Psychologie

Témoignage: Sois forte et tais-toi!

Témoignage: Sois forte et tais-toi!

  Photographe : Marie-Ève Tremblay | colagene.com

Trop souvent, quand j’éteins la lumière avant de me coucher, je ressens un frisson perturbant. J’ai peur. Pas des monstres sous le lit. Pas d’ombres sur le mur. Ce qui m’effraie, c’est de ne pas pouvoir être forte encore demain.

C'est la nuit que les doutes m’assaillent et que les masques tombent. Parfois, je n’en peux juste plus d’être forte. De jongler avec les tâches, les projets, les défis, les responsabilités, la job, alouette.

De dire «ça va» par habitude, alors que ça ne va pas du tout. D’essayer de me comparer à pire pour continuer à avancer, pour ne pas flancher. D’encaisser sans rien dire, parce que d’autres vivent des situations plus douloureuses que moi. De ne pas savoir quoi faire avec les émotions qui me tordent le cœur. Et si demain, je n’y parvenais plus?

Je m’endors finalement au bout de mon insomnie, me réveille et me secoue. Je ne peux pas montrer ce côté chancelant de moi. Je rechausse les mêmes souliers que la veille. Sans seulement remarquer que j’enfile un déguisement. Jour après jour.
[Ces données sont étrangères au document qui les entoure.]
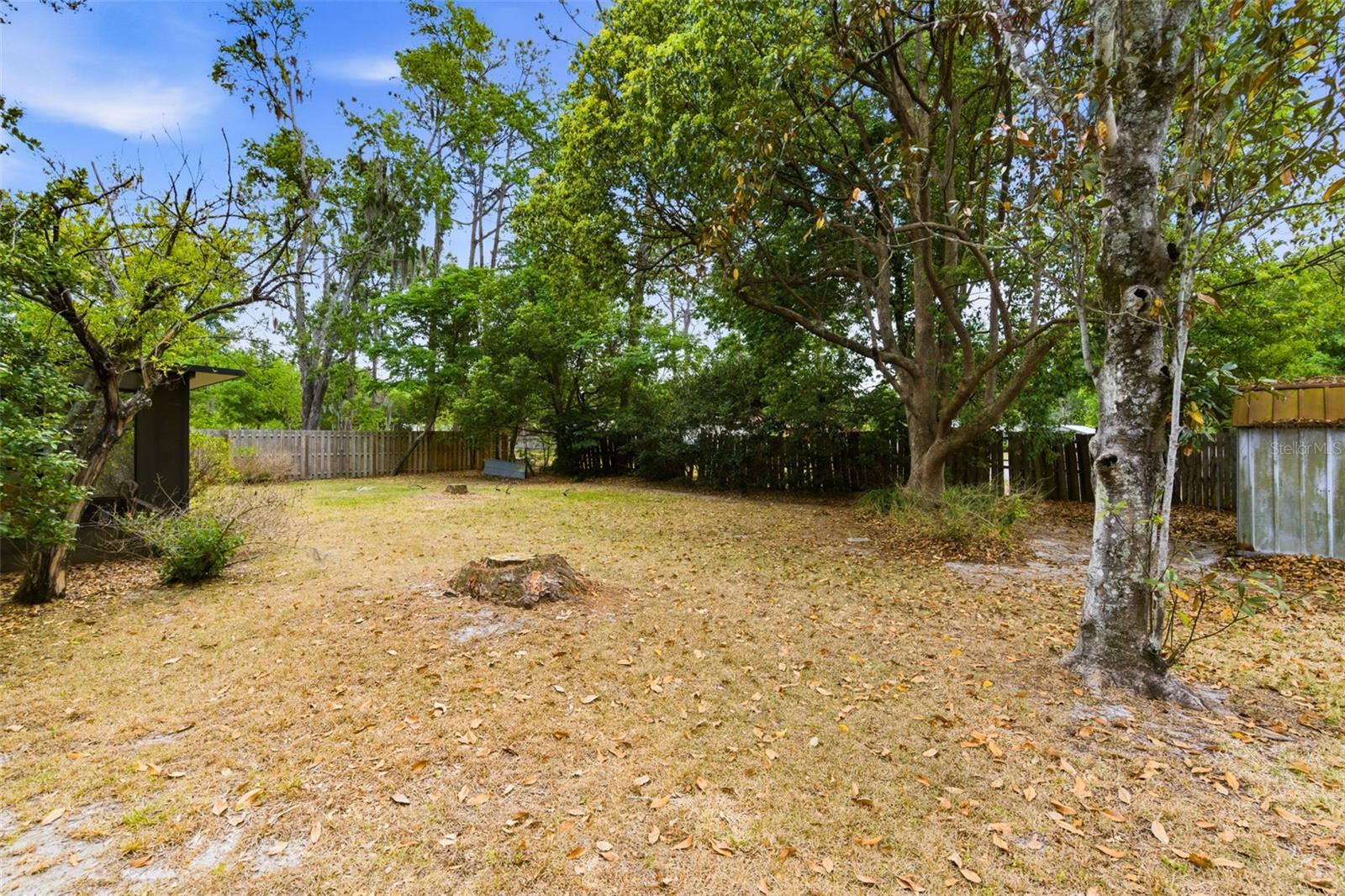Image 15 of 17 For 2849 57th Place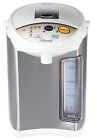 Rhap16001 Rosewill Electric Hot Water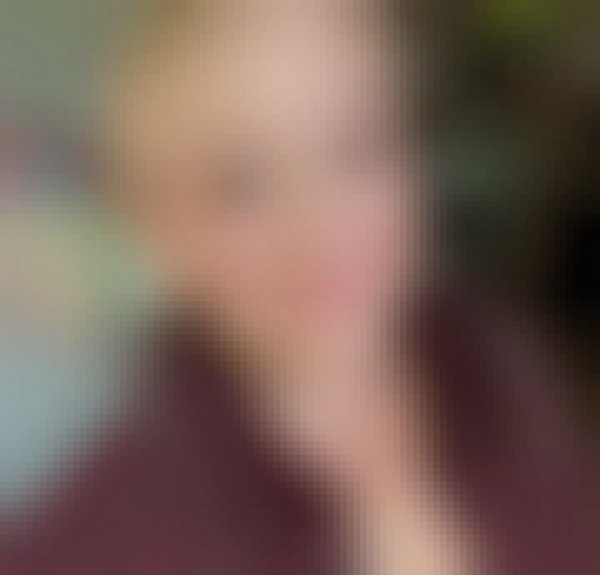 frieda09, 42, Rathfarnham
«On reste souvent très en surface avec les autres. Avec soi aussi. En portant des masques, parfois pendant des années, on ne sait même plus qui on est. Et ça peut nous faire peur», explique Benoit Chalifoux, spécialiste des habiletés relationnelles et auteur d’Être à son meilleur – L’incroyable pouvoir des habiletés relationnelles.
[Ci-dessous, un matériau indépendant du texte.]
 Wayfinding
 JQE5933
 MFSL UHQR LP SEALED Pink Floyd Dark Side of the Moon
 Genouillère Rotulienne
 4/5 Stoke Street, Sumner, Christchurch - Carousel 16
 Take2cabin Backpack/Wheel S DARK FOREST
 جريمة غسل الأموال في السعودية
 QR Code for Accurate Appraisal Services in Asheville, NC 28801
Pour se «retrouver» et être pleinement soi, il faut d’abord se permettre d’être authentique et cesser de faire semblant. Tout un contrat! Car, habituellement, on ne craque que lorsqu’on est seule. Moi, en tête à tête avec mon insomnie.

Geneviève aussi le fait à l’abri des regards: «Des fois, je parle toute seule en voiture. Je fais des genres de monologues de ce que j’aimerais dire aux gens. Autrement, je n’arrive pas à le dire quand ça va mal. Parfois, quand j’ai un trop-plein, j’écris. Pis je braille. Parfois, au bon moment et avec la bonne personne, je parle. Mais c’est rare.»

 

Sois forte

© Unsplash | Mitchell Orr

 

On se permet de relâcher la pression quand on sait que personne ne nous voit. «Je cache cette facette, parce que j’ai une image de femme forte, en contrôle. Je suis plutôt celle à qui on se confie. Si je montre une faiblesse, j’ai peur de troubler mes proches, qui ne sont pas habitués à me voir ainsi», poursuit Geneviève.
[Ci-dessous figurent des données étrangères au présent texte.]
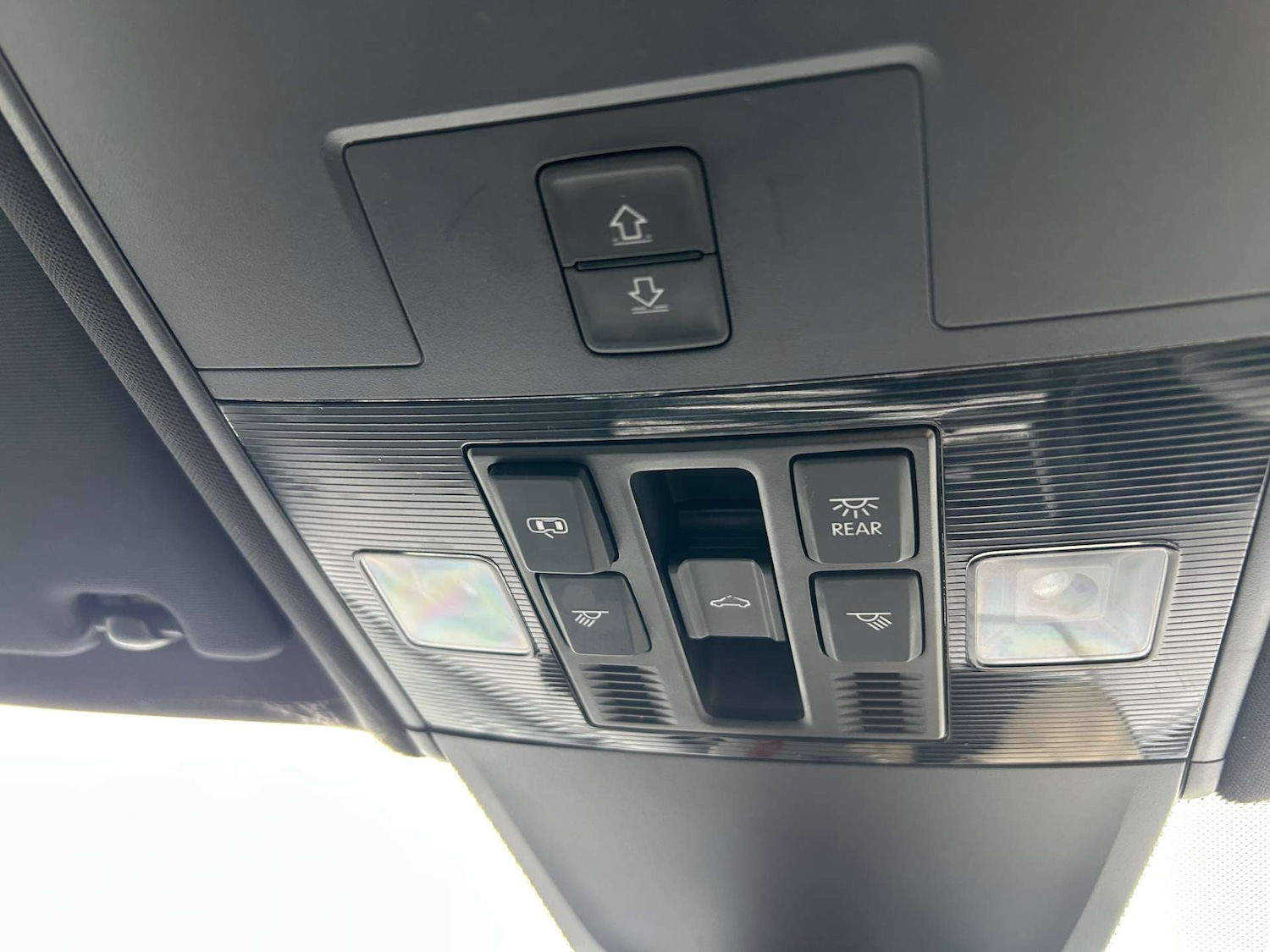 Used Volkswagen Tiguan 2020 for sale - 76601457: Photo 29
Pourtant, montrer sa vulnérabilité a du bon. Particulièrement avec nos enfants. «Maman a eu une journée difficile. Elle pleure. Puis elle suggère que toute la famille sorte marcher pour se changer les idées avant le souper. Montrer comment rebondir après un coup dur, affronter l’adversité et trouver des solutions ou des stratégies de résilience outille les enfants. C’est très formateur», constate Pascale Brillon, psychologue et auteure d’Entretenir ma vitalité d’aidant.

Tout cela implique d’être davantage à l’écoute de notre petite voix intérieure qui nous aide à mettre nos limites, sauf que cette dernière est trop souvent étouffée par les «il faut que...», «je dois...», «j’aurais dû...», etc. C’est un entraînement à suivre composé de divers exercices: l’humilité de demander de l’aide pour certaines tâches, des gestes bienveillants et une attitude compatissante envers soi- même, l’utilisation de l’expression «j’aimerais que» au lieu de «il faudrait que» et le courage d’exprimer ses émotions.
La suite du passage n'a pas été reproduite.